Elevate Difference

Yakiimo

Sitting down with my notebook for a first listen, I adamantly tried not to get caught up in descriptions with romanticized cliché references to Cézanne paintings, sleepy villages, artsy cafes, or train rides home. Alas, I set myself up for inevitable failure listening to Simone White’s Yakiimo album riding a train northbound for the holidays on a clear, winter New England morning. Snow had just fallen; I was ending the most significant semester I had had at university; the rhythm of the album tread effortlessly with the speed of the train. It was nauseatingly perfect, and all I could do was laugh and submit to the indulgence of the cliché moment. So, I apologize.

As soon as I pressed play on the first track, “Bunny in a Bunny Suit,” as we pulled out of the Providence station, I felt as though it was a soundtrack for my journey home, physically and metaphorically. The song is fittingly about someone who has realized that she has lost herself after years of trying to change for others. For me, I was returning home, finally “pretending to be myself again.”

Regarding the sound, do not mistake the pretty vocals and poetic lyrics of the album for being shallow. It is not necessarily edgy, but definitely eccentric as the artist’s darkness subtly emerges. The tone of the album may be honest, pure, slightly melancholy, and sweet, but definitely not fragile or playful in a passive way. Its vulnerability is deceiving.

Born into a family of extraordinary creativity, with her folksinger mother, sculptor father, and burlesque-dancer grandmother, White taught herself to play the guitar and writes most of the songs on the album. The album has 12 short tracks, all under four minutes long, with acoustic instrumentation, simple percussion, anecdotes, and the repetitive driving rhythm of a personal journey. Tracks “Victoria Anne,” written about the playful memories of a childhood friend, and “Baby Lie Down With Me,” influenced by reading Carson McCullers, bring a happy, yet at times, haunting element which is further complemented by the even darker lyrics of “A Girl You Never Met,” about someone too tired to keep on living, and “Without A Sound,” which gives a detailed description of the final moments of a failed relationship.

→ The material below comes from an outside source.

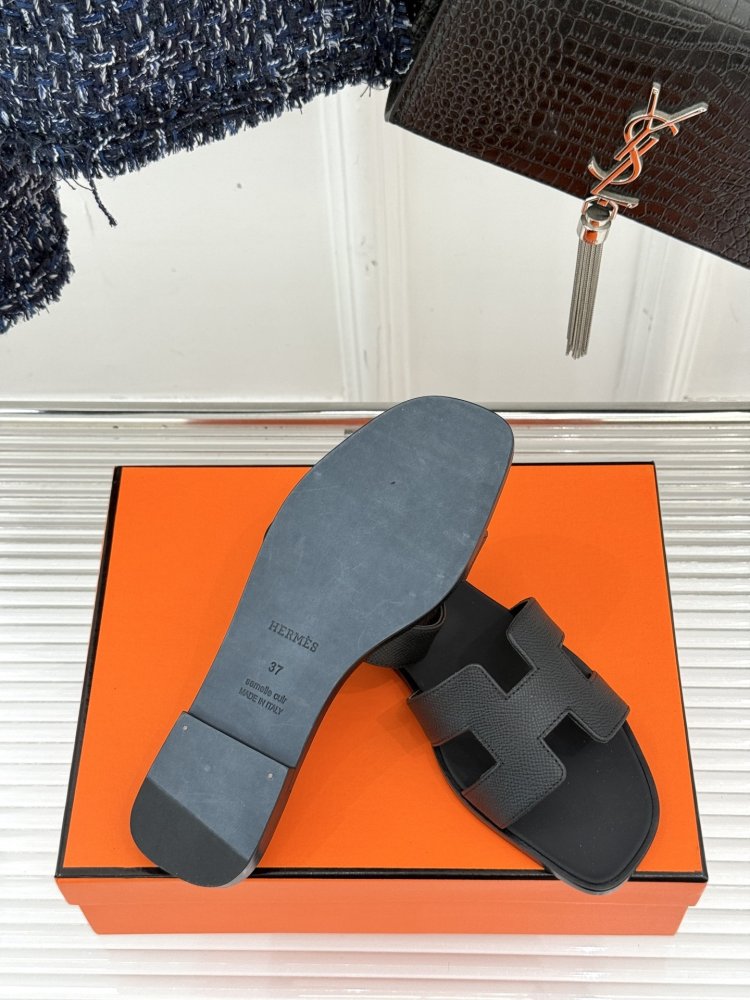 Шлепанцы женские фото 9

The first two tracks, including the one mentioned above and “Candy Bar Killer,” are covers of original songs written by friends Frank Bango and Richy Vesecky, which have slightly edgier lyrics focusing more on the awkward experiences and pains of growing up. The album continues with songs about love, despair and longing: longing for an ex-lover in “Your Stop,” a school crush in “Olivia.”

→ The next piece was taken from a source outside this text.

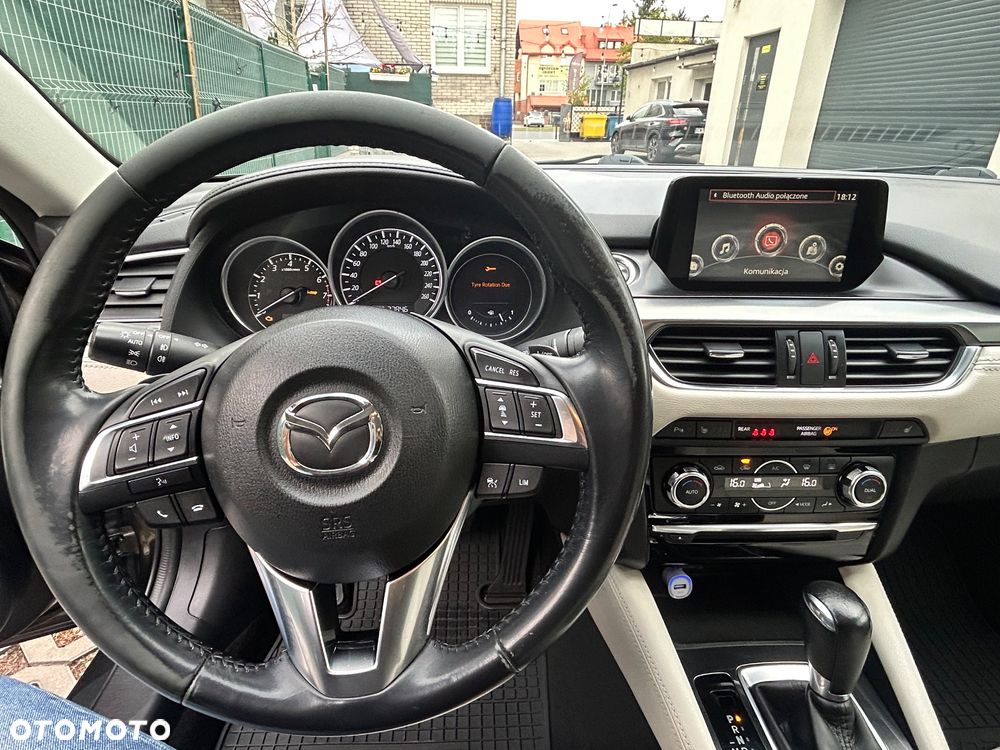 Mazda 6 - 8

“Yakiimo,” the title of the album, refers to the Yakiimo men she heard singing their “haunting songs” while selling the stone roasted mountain sweet potato, encapsulating the “emotion and subtly” she wanted to capture in her album. Inspired by a children’s counting book, “Train Song” adds a lightness to the album. The last two tracks diverge slightly from the style of the previous tracks, particularly with a more country sounding “Let the Cold Wind Blow.” White described in an interview childhood memories of her grandma singing “St Louis Blues,” the last track of the album, in a “deep throaty voice.”

White has had international success since her first album, I Am the Man, playing on stages across the globe and having her track “The Beep Beep Song” featured in an Audi car commercial. Sounding like a female Nick Drake, she also has a Norah Jones aspect to her; however, Simone White is unlike anything else in pop, rock, and folk genres. Her recently released second album is definitely worth a listen.